Orion’s designs and manufactures energy management systems consisting primarily of high-performance, energy efficient lighting systems, controls and related services. It delivers energy savings and efficiency gains to commercial and industrial customers with the aim of the same quantity or quality of light. The core of its energy management system is its high intensity fluorescent, or HIF, lighting system with a goal to cut electricity costs by approximately 50% while increasing quantity of light by approximately 50%.  Orion said in the filing that it has sold and installed high-performance HIF lighting systems in over 1,800 facilities across North America, including at 73 Fortune 500 companies like General Electric, Kraft Foods, Newell Rubbermaid, OfficeMax, SYSCO, and Toyota Motor Corp.  So by description this isn’t a clean energy or alternative energy company, but it is more green or less brown so to speak.

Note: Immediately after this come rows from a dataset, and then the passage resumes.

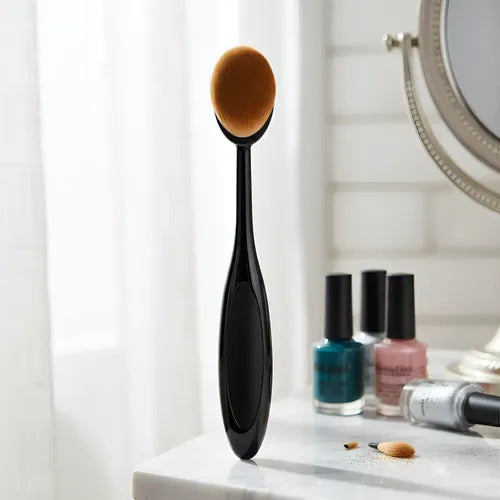 Insumos Para Uñas Varios Brocha Maquillaje Negro (mango) Y Cerdas Marrones/avellana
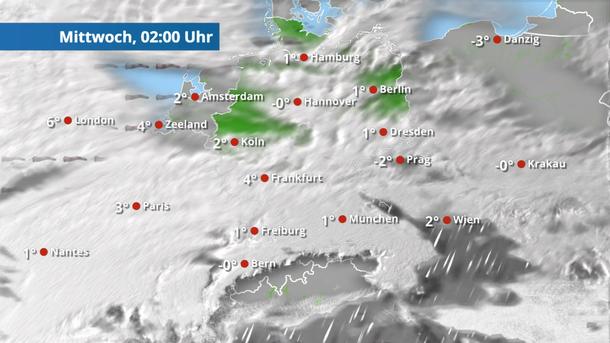 Örtlich etwas Regen oder Schnee, bevor es auflockert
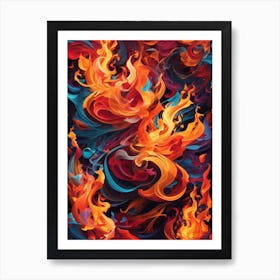 Abstract Flames Art Print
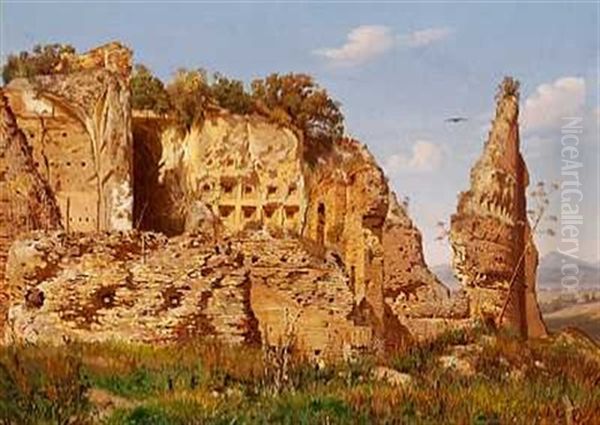 Landskabsparti Fra Rom, Villa Dei Quintili Ved Via Appia Oil Painting by Harald Jerichau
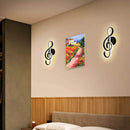 LED Musical Note Wall Lamp Bedside Spiral Night Light (Warm Light)(Black) Newly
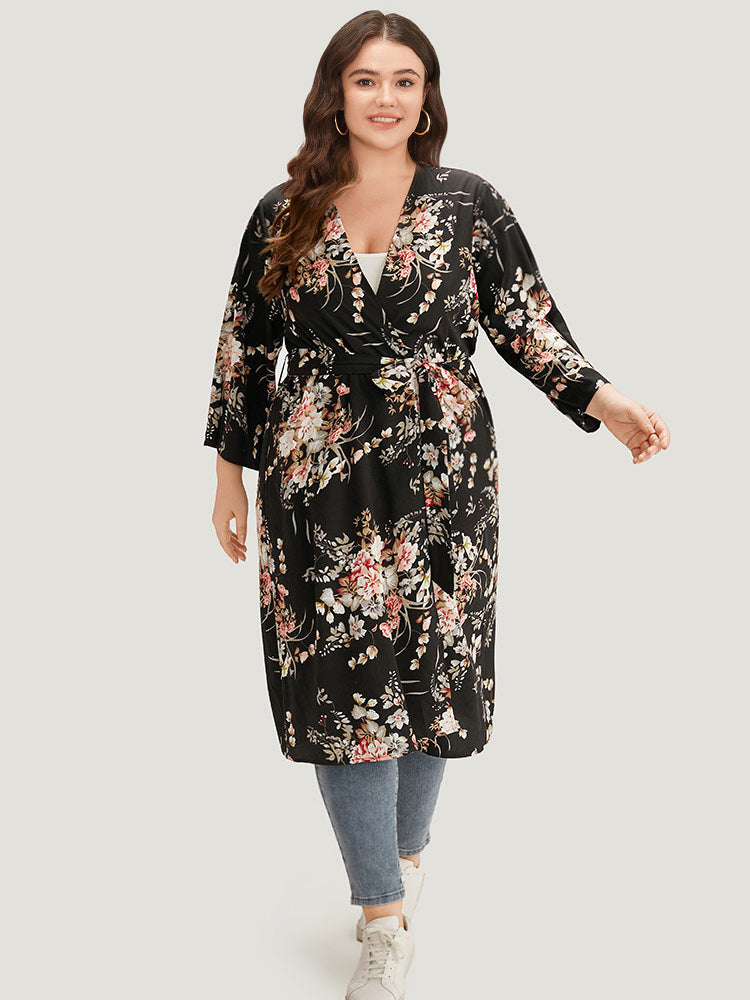 Boho Print Belted Open Front Kimono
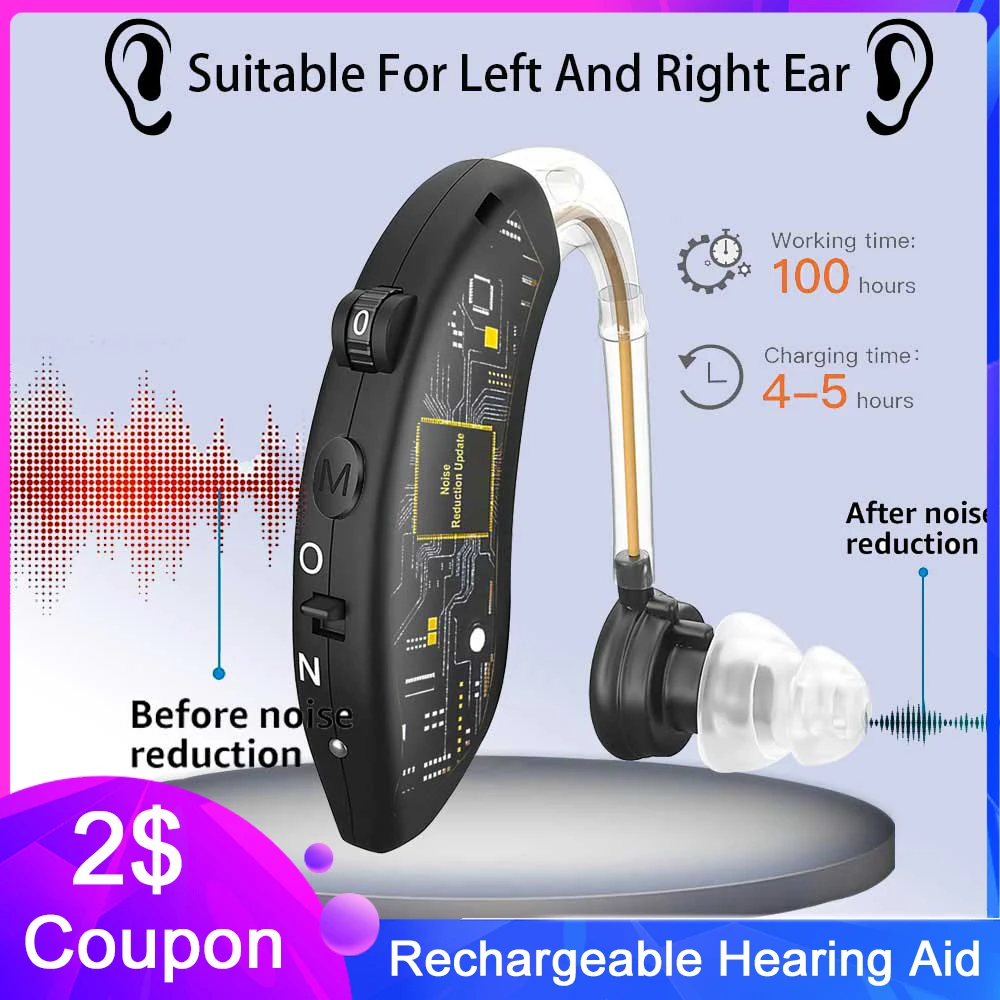 Bluetooth Hearing Aid Amplifiers USB Charge Hearing Aids Audifonos Sound Devices Volume Control Adjustable Tone Loss Ompensation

Its annual revenue has increased nearly four-fold from $12.4 million in fiscal 2004 to $48.2 million in fiscal 2007; and in the last three months ended June 30, 2007, it recognized revenue of $16.7 million, compared to $9.7 million for the three months ended June 30, 2006. It also estimates that cumulative electricity cost savings for its customers of approximately $224 million and has reduced base and peak load electricity demand by approximately 243 megawatts, or MW, through June 30, 2007. It goes further to estimate that the reduced electricity consumption has reduced associated indirect carbon dioxide emissions by approximately 2.8 million tons over the same period.

If the company can capture more and more business from all the entities that have mandated energy savings in the coming years, it sounds like it is in the right spot.  It was a bit surprising to see GE (NYSE:GE) listed as a site customer, until seeing that GE’s GE Energy Financial Services, Inc. (GEEFS) indirect affiliate, GE Capital Equity Investments, Inc. owns 9.2% of the company.  According to the DOE, lighting accounts for 22% of electric power consumption in the United States, with commercial and industrial lighting accounting for 65% of that base amount. 

Jon C. Ogg
August 20, 2007

Jon Ogg can be reached at [email protected]; he does not own securities in the companies he covers.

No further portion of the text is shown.